Perusahaan Media Gugat Pemerintah Israel Usai Promosikan Pesan Pro Israel Tapi Tak Dibayar
Beberapa perusahaan media, influencer, dan konsultan viral di media sosial karena menggugat pemerintah Israel. Mereka menuntut pembayaran yang belum lunas setelah mempromosikan pesan pro-Israel secara online. Gugatan ini bernilai jutaan shekel dan menjadi sorotan publik.

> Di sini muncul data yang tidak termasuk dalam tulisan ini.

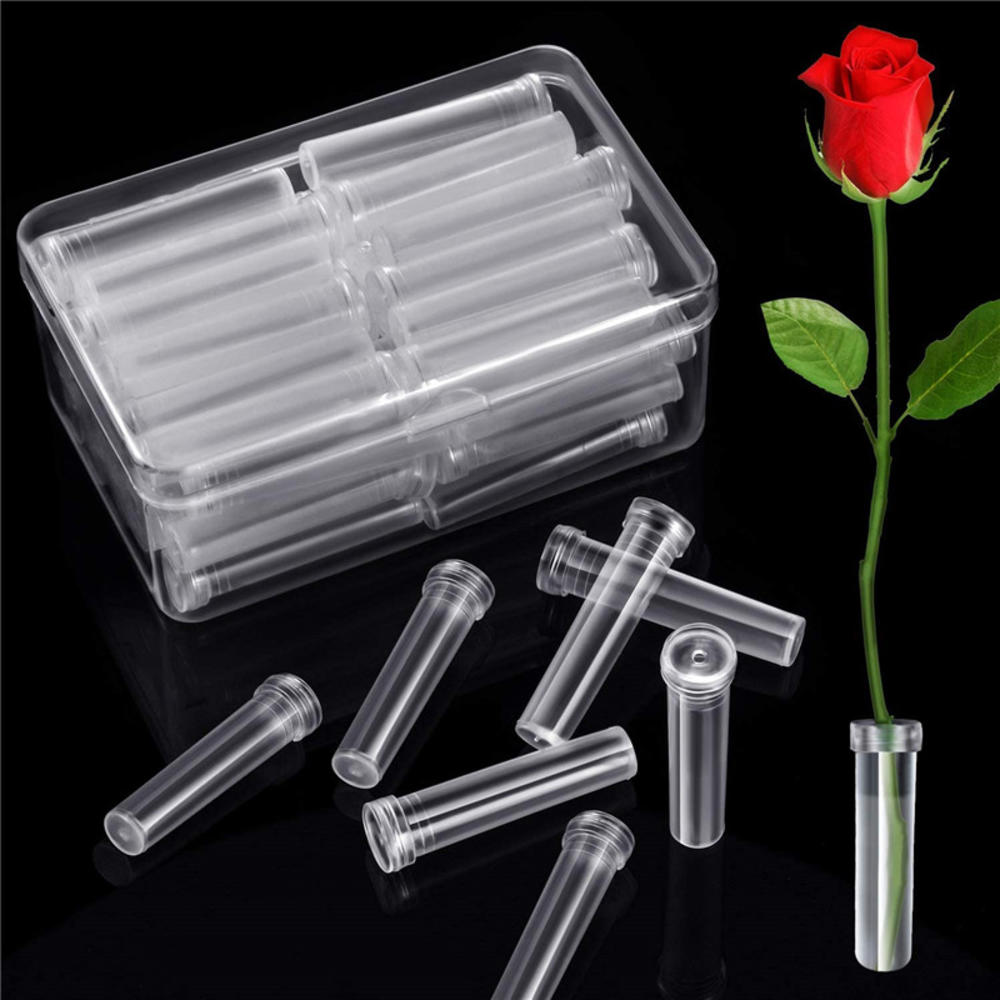 100 Stks/zak Plastic Transparant Groen Laboratorium Clear Plastic Test Tubes Bloem Buis Container Voor Bloem Opslaan Bloemist Trasfe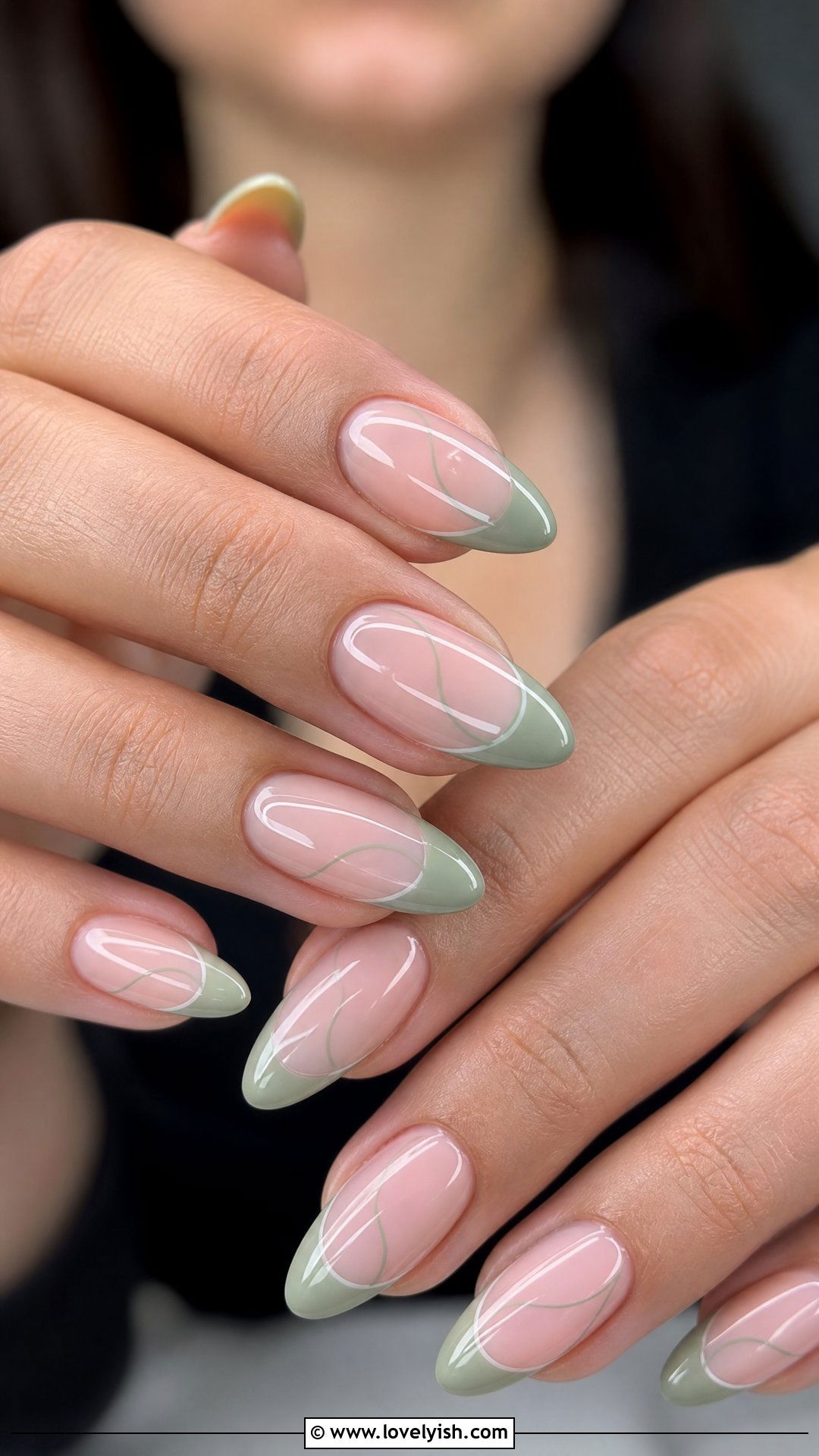 Sage Green French Tip Nails - 50 easy spring nail designs - 50 easy spring nail designs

Alasan utama gugatan ini adalah klaim bahwa mereka dipekerjakan untuk kampanye selama genosida Gaza. Namun, pembayaran tidak pernah diterima secara penuh meskipun tugas telah selesai. Situasi ini memicu kontroversi dan diskusi luas di berbagai platform.
Daftar Isi
- Perusahaan Media Gugat Pemerintah Israel Usai Promosikan Pesan Pro Israel Tapi Tak Dibayar
- Nilai Gugatan dan Klaim Perusahaan
- Dampak Kampanye dan Biaya yang Ditanggung
Nilai Gugatan dan Klaim Perusahaan
Salah satu perusahaan mengungkapkan bahwa pemerintah Israel masih berutang sekitar 1,7 juta shekel. Perusahaan lain mengklaim 600.000 shekel untuk biaya operasional studio media. Angka-angka ini menunjukkan besarnya nilai kontrak yang terlibat dalam kasus ini.
Beberapa influencer dilaporkan dibayar hingga $7.000 per unggahan konten. Namun, gugatan menyatakan bahwa negara menolak melunasi utangnya secara keseluruhan. Hal ini menimbulkan pertanyaan tentang transparansi dalam kerja sama semacam itu.
Dampak Kampanye dan Biaya yang Ditanggung
Perusahaan-perusahaan tersebut menanggung berbagai biaya, termasuk perjalanan dan operasi media. Kampanye online yang mereka jalankan bertujuan membentuk opini global terkait konflik di Gaza. Upaya ini dilakukan dengan harapan mendapatkan imbalan yang sesuai.
Mereka merasa telah "menjual jiwa" tanpa imbalan yang memadai. Gugatan ini menjadi pengingat akan risiko dalam industri media dan hubungan dengan entitas pemerintah. Kasus ini juga menyoroti pentingnya kontrak yang jelas dalam kerja sama semacam ini.